【クィアx貧困】貧困をなくすためのクィアの会が2013年4月21日に発足しました

このブログでも以前お知らせした通り、久喜市にて、「貧困をなくすためのクィアの会」という新しいクィア団体が発足しました。

第1回ミーティング/立ち上げイベントのご報告はこちらから読むことが出来ます

イベントで話し合われた内容をもとに、貧Qの「理念と活動」をあらわした趣意文が完成しました。以下に全文を転載します。

貧困をなくすためのクィアの会(以下「貧Q」)は、貧困とクィアの問題を切り離して考えるのではなく、互いに重なり合う問題群であるとの認識のもと、「人々を貧困に追いやる社会構造に反対」し、「経済的に大変な思いをしている人たちの生活を少しでもマシにする」ために、「群馬県と栃木県と埼玉県と茨城県の真ん中あたり」を活動拠点として2013年4月21日に立ち上げられたクィア団体です。

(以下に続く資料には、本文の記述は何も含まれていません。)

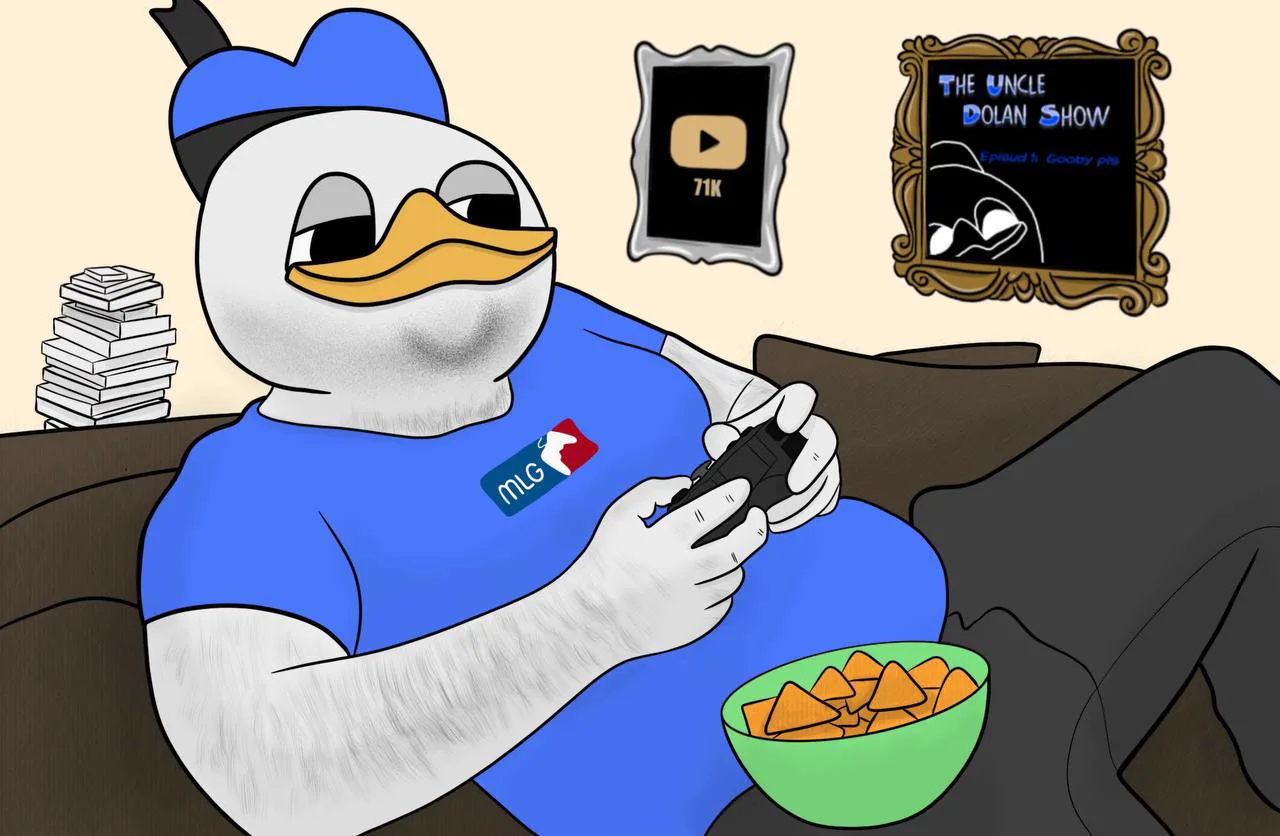 Meme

「LGBT」ではなく「クィア」という言葉を使用している背景には、主流になりつつある「LGBT」という枠組みが市場原理と結びつき、ある特定の表象ばかりが注目されてゆく中、そこからこぼれ落ちる存在に目を向けることが重要であるとの認識があります。

また貧Qは、「貧困」が、ただ存在しているものではなく、不当につくられ、維持され、また一方的に「貧困」と(しばしば不当に)名指しされている状況であると認識し、「貧困をなくす」ためには単に経済的に大変な思いをしている人たちの生活を少しマシにするだけではなく、「貧困」をつくりだし、維持している社会構造と、その社会構造の存在によって得をしている特権者の利益を切り崩すことが必要であると考えます。また、「貧困」状態にある人の生活が必ずしも「貧困」という1つの尺度でのみ説明可能なものであるとは考えず、同時に、そのような人々の生活が常に困難にみまわれているという前提にも反対します。そのような立場から、貧Qでは、「クィア」の中の多様性のみならず、「貧困」の中の多様性にも目を向けることを重要課題とします。

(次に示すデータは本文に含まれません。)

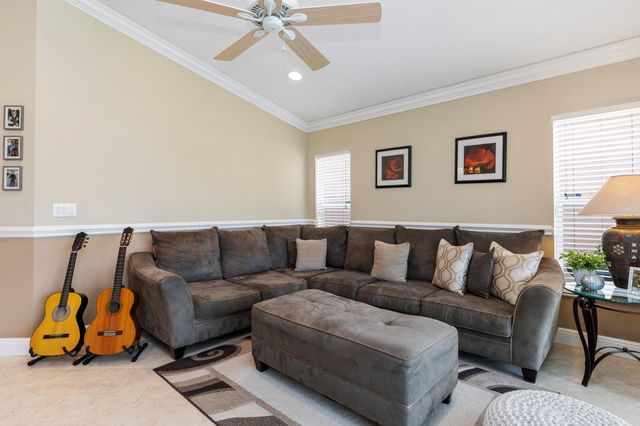 5535 NW 54th Circle, Coconut Creek, FL 33073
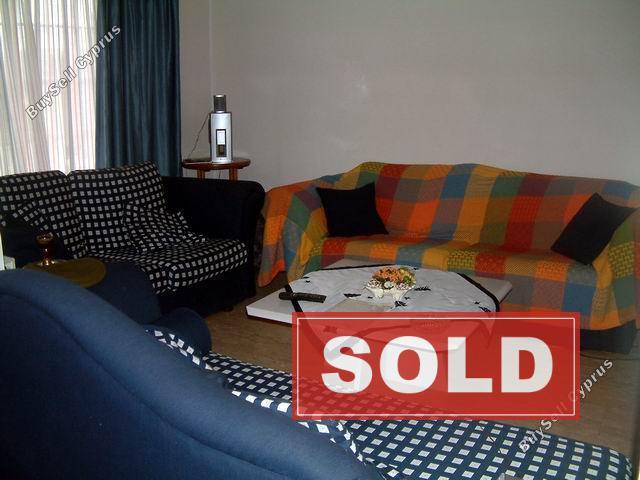 2 bedroom semi detached house sold lykavitos nicosia 215299 image 69811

以上のような考えから、貧Qでは、「貧しいLGBTに対する支援」という枠組みを前提とせず、多様な性のありかた、生き方、「貧困」状態にある人々の多様なありかた、生き方、そしてそれらの重なり合う部分に目を向け、耳を傾けながら、具体的な支援行動と社会構造への批判的言論の両方を活動の両輪として活動を展開します。また、それらの活動において、支援者/要支援者の枠組みを疑い続け、性の問題、経済的な問題に直面している者同士の連携・連帯の実現に努めます。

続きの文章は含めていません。